Winona Ryder attends Balenciaga’s Fall 2026 show amid ‘Euphoria’ crossover buzz
Saturday at 9: 40 p. m. ET, winona ryder was among the attendees who watched Balenciaga present its Fall 2026 collection in Paris, a runway show built around a collaboration with “Euphoria” and its creator, Sam Levinson. The timing matters because the show’s visuals and prints pulled from the series’ long-awaited third season, which is set to return in April.
Balenciaga Fall 2026 in Paris puts “Euphoria” front and center
The Balenciaga show took place in a dark venue on the Avenue des Champs-Élysées, with low lighting and loud music. Flickering video screens cycled through nocturnal cityscapes and preview images tied to “Euphoria” season three, including footage featuring new cast member Danielle Deadwyler. One sweater shown was printed with a screen still of Deadwyler smoking a cigarette in a low-cut blood-red top.
In another description of the show environment, Levinson handled the installation and cinematography for the set, using dozens of video monitors that displayed California landscapes, wolves, empty bars and close-ups of new “Euphoria” cast members, including Deadwyler blinking nervously.
The collection aimed to channel the mood of the series through a mix of glossy blacks and harsh neons, paired with bare legs, ab-revealing dresses, scrunched leather jackets and dark glasses. The theme, as described backstage, centered on “light and darkness. ”
Pierpaolo Piccioli’s “ClairObscur” lineup leans on outerwear and portrait collars
Pierpaolo Piccioli’s Fall 2026 presentation leaned heavily into statement outerwear and structured silhouettes. One account described 81 models moving through a thin path of light in polished looks anchored by imposing coats, with portrait collars and other face-framing collars—such as funnel necks—emerging as the defining motif.
The show opened with black looks, described as the season’s defining color at Balenciaga, including a bubble-shaped leather bomber with a cocoon-like back, a sculptural peacoat with a collar rising sharply, and an officer coat with collar and lapels standing away from slightly hunched shoulders. Interspersed between those coats were draped jersey dresses described as minimal-seam constructions, along with high-waisted jeans.
Accessories called out in show coverage included softer, rumpled takes on the Hourglass bag, off-kilter studded brogues created in collaboration with J. M. Weston, and handbags identified as the Rodeo and City styles. One summary also pointed to chunky statement sneakers, crystallized futuristic sunglasses, and leather opera gloves paired with draped dresses.
Piccioli also put menswear on the runway for the first time, with the men’s looks similarly centered on imposing outerwear and baggier pants. Prints from “Euphoria” season three appeared across coats, sweaters and fleece.
Piccioli said backstage he collaborated with Levinson because he wanted “to take a picture of this generation, ” adding that what he valued in the show was its approach to portraying characters without judging them. In a separate statement made during a preview ahead of the runway show, he said Levinson tells stories “not judging, not criticizing, not celebrating, ” and described the idea of finding “light in the darkness” as metaphorical.

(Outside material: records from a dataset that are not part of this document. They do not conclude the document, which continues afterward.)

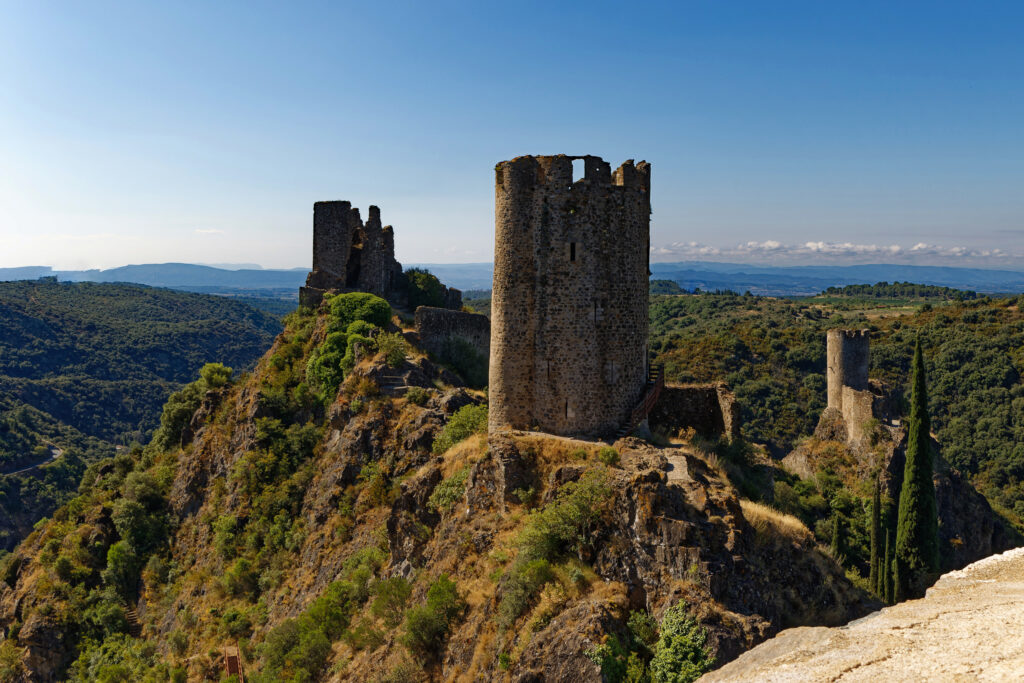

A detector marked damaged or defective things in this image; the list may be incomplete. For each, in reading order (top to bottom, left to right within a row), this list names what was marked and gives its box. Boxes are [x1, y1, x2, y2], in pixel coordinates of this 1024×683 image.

broken parapet [485, 153, 647, 438]
broken parapet [651, 382, 741, 440]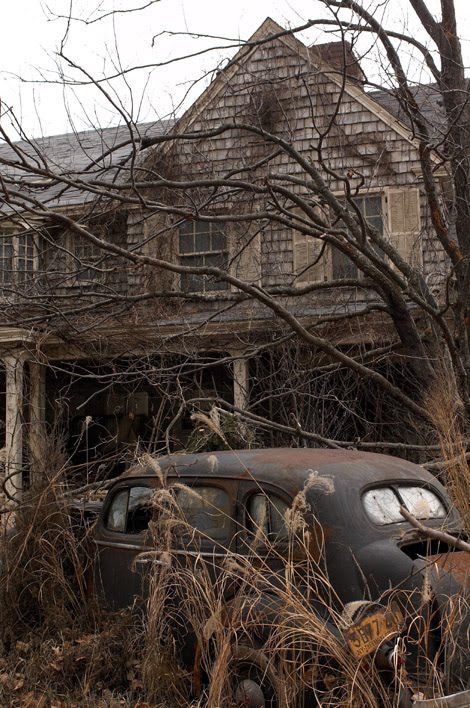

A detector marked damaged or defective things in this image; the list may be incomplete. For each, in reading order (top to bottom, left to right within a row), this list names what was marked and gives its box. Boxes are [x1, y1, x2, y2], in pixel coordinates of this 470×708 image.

broken window [179, 218, 229, 290]
rusty vintage car [92, 450, 470, 704]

Winona Ryder and other guests watch as Balenciaga courts a younger audience
winona ryder attended the Paris presentation alongside other guests named in coverage, including Naomi Watts and Lori Harvey. The guest list also included “Euphoria” actor Chloe Cherry, as well as Hudson Williams, who was present outside the show and later appeared in a backstage moment where Piccioli unzipped Williams’ leather jacket to reveal an image printed on the T-shirt underneath.

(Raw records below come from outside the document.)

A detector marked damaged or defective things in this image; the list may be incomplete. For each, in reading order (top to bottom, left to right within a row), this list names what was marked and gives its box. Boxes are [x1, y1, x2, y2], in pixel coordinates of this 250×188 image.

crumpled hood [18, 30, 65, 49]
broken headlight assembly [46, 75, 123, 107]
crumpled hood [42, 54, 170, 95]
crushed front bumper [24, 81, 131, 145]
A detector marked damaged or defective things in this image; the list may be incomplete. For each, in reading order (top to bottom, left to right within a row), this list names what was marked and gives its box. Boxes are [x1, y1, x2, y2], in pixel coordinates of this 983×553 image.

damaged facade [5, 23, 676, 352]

The collaboration itself carried an explicit business rationale in show descriptions: a direct play for the younger audience that fashion houses are trying to reach, using a pop-culture partnership and a moodboard that included Caravaggio’s The Calling of Saint Matthew to reinforce the “light and darkness” framing.

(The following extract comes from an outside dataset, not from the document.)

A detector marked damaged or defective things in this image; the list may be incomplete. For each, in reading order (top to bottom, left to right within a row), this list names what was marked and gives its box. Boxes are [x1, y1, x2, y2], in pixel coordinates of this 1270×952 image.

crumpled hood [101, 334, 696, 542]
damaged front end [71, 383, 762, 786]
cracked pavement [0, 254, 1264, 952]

Reactions to the collection extended beyond the runway audience. A forum roundup described sharply negative responses, including criticism of the collection’s prints and overall execution, with multiple commenters using terms such as “boring” and “pedestrian. ”
The next confirmed milestone tied to the show’s central reference point is the return of “Euphoria” in April; one account specified an April 12 release. If additional details about Balenciaga’s “ClairObscur” presentation emerge from the brand in the days ahead, the focus will likely remain on how the collaboration’s imagery translates from the runway into the collection’s retail life.